“Fast and Loose” Equals High Risk on Government Projects - Heightened Scrutiny under the False Claims Act -Posted October 7, 2014 --> False Claims Act
Most contractors who navigate the federal contracting arena are well aware of the standard violations of the FCA. Knowingly making, using or presenting a false or fraudulent claim is the classic example of the violation. But, any notion that attempting to "pad" a claim or play "fast and loose" with pricing is outside of the FCA, or that such behavior will not result in any meaningful action by the government agency in charge (so long as the government discovers the error without first making payment) is both dated and dangerous to a government contractor. Contractors should know that the mere submission of a false or fraudulent claim, however nominal and even if only “padded”, is enough to support a successful action by the government under the FCA.
A contractor should be mindful of two particular activities within its project performance that have historically garnered less FCA attention and treatment within the industry, and which may see increased government scrutiny in the coming years —false pricing and fraudulent underbidding.
Contractors who want to avoid the government's FCA scrutiny on pricing claims or extra work should:
Know internal costs for all bid items
Put in place systems that will allow for real-time updating of rates and available rebates from outside vendors
Have a keen knowledge of the government's contract pricing provisions applicable to the bid at hand and, specifically, consult with Federal Acquisition Regulation Part 31 for "unallowable costs"
Keep apprised of ongoing changes to the government's pricing provisions, and
Put in place a due diligence program for the development and submission of claims to the government that incorporate pricing of labor and materials
Naturally, steps (1) through (5) require greater administrative effort at the home office, but the tradeoff is reducing exposure under the FCA and enormous savings in time and money that would be lost in defending against any resulting lawsuit.

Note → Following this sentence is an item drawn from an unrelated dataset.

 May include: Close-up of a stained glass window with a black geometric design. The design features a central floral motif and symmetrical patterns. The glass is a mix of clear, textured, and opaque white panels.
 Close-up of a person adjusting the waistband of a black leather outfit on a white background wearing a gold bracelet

Today's FCA scrutiny extends to wrongful or reckless manipulation of one's bid and/or false pricing in a claim or change order. Contractors should view the more aggressive oversight in these areas by the government as a form of "new normal" that should be factored into the contractor's programs for bidding and pricing the work.
 Fraudulent underbidding has also been referred to in legal decisions as “bad, bad guesses,” and neither the government nor the courts are sympathetic to this defense against the FCA. Hooper v. Lockheed Martin, 688 F.3d 1037, 1047 (9th Cir. 2012)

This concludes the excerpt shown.